Practical Informations

Dates
Oct. 2022, 21 – 5 pm
Oct. 2022, 22 – 11 am + 8 pm
Oct. 2022, 23  – 3 pm
Nov. 2022, 18 – 5 pm
Nov. 2022, 19 – 11 am + 8 pm
Nov. 2022, 20 – 3 pm

Get to
Studio 303
372 Sainte-Catherine West – 3rd floor
Montréal, QC H3B 1A2

Box office
Danse-Cité : (514) 525-3595
https://danse-cite.org/en/billetterie

Rates
Regular : 28 $ | Discounted : 24 $
Accompanying person (for spectators with a disability) : 0 $

Accessibility
https://www.studio303.ca/en/physical-location/ 

Duration of the show
60 minutes

Team

Sarah-Ève Grant — Choreography
Marc Boivin — Performance
Bertil Schulrabe — Percussion
Martin Sirois — Lighting design
Annik Hamel — Rehearsals
Carmen Ruiz — Artists support
Clémence Lavigne — Production direction
Lee Anholt — Technical direction

Video — Jean Martin | Soundtrack — Bertil Schulrabe | Voice — Marc Boivin
Images — Jean Martin 

Partners and supports for creation — OFFTA, La Serre Arts Vivants, Circuit-Est centre chorégraphique, Usine C

The creation of this work was made possible thanks to the financial support of: Conseil des arts du Canada.

A presentation Danse-Cité
A coproduction Sarah-Ève Grant & Danse-Cité

When he’s not creating and rehearsing in the studio, dancer Marc Boivin spends a lot of time teaching dance.
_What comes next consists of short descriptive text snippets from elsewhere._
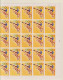 Probedruck Test Stamp Specimen China Olympia 1971 - Prove E Ristampe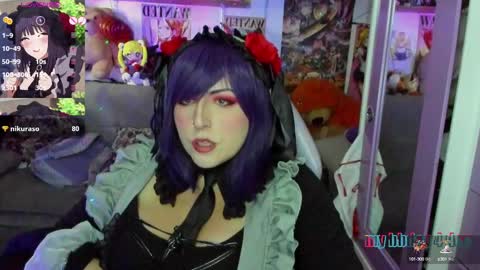 Canndyy Daniela online show from January 15, 2025, 6:19 pm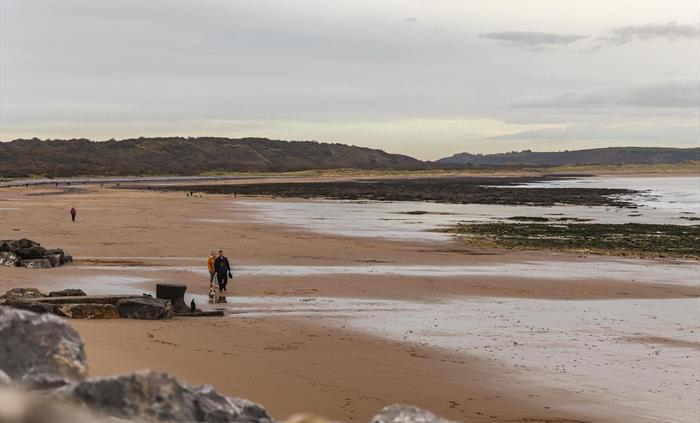 Newton Beach, Porthcawl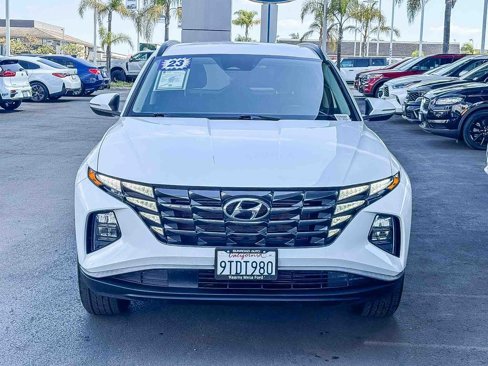 Used 2023 Hyundai Tucson SEL image 2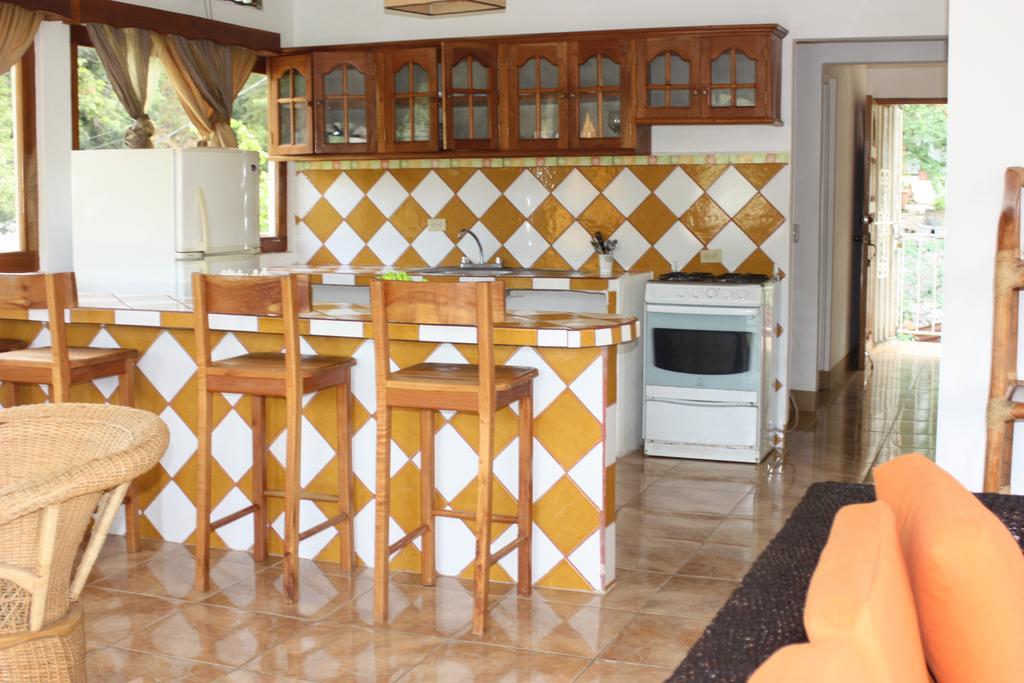 סן חואן דל סור Hotel Posada Bahia Azul מראה חיצוני תמונה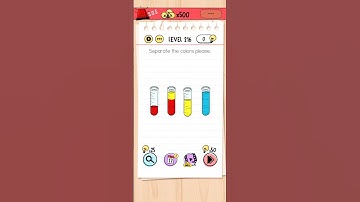 Separate the color please - Brain Test - Level 216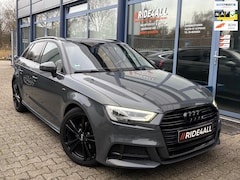 Audi A3 Sportback - 35 TFSI/S-LINE/VIRTUAL/STOELVW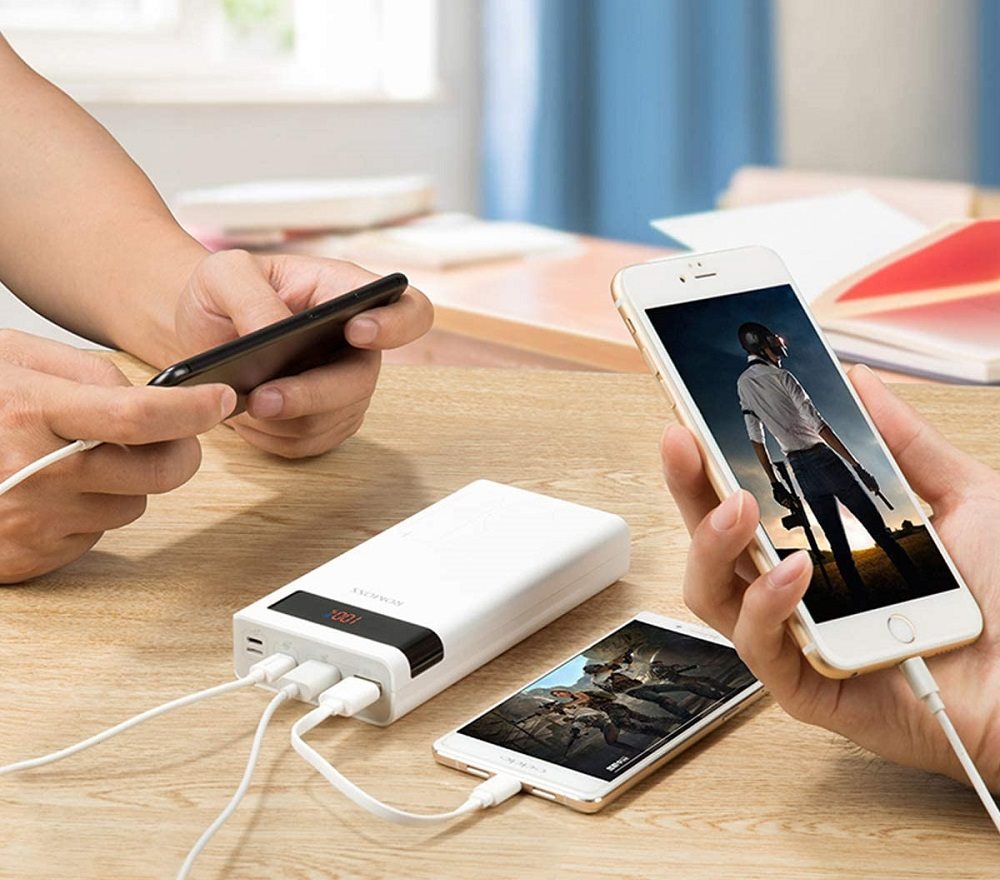 Romoss Sense 8P+ Powerbank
His role as a teacher is the focus of a new work by choreographer Sarah-Ève Grant, to be presented in fall 2022.

Process and timeline:

This work is part of a series of portraits of individuals and artists from different backgrounds. The series has been in the making for about 10 years. The portrait of Marc Boivin was started in 2016. 

2016:

Sarah-Ève attended several of Marc’s classes as an observer (roughly 30 classes, for a total of 60 hours of observation). 

Fall 2017:

First period of creation in the studio: extensive discussions between Marc and Sarah-Ève. 

Winter 2017:

Period of creation with Marc, a group of 10 dancers and one musician. Essentially a dance class on stage.

Spring 2018:

Another creative session with same number of dancers—only this time, all the rules were thrown out the window! Marc was no longer the teacher, technique no longer mattered, and the students became performers. 

Spring 2018 to Summer 2020:

Period of reflection. 

Sarah-Ève: “I decided to focus only on Marc, as we had planned at the beginning. I had amassed a huge amount of information, which I needed to organize: observation notes, descriptions of Marc’s classes, learning concepts, terms, recordings, discussion notes and transcripts, texts, definitions.”

January 2021:

Back to the studio to finish Marc’s solo creation on the transmission of knowledge and the ways in which learning and performing shape the human experience.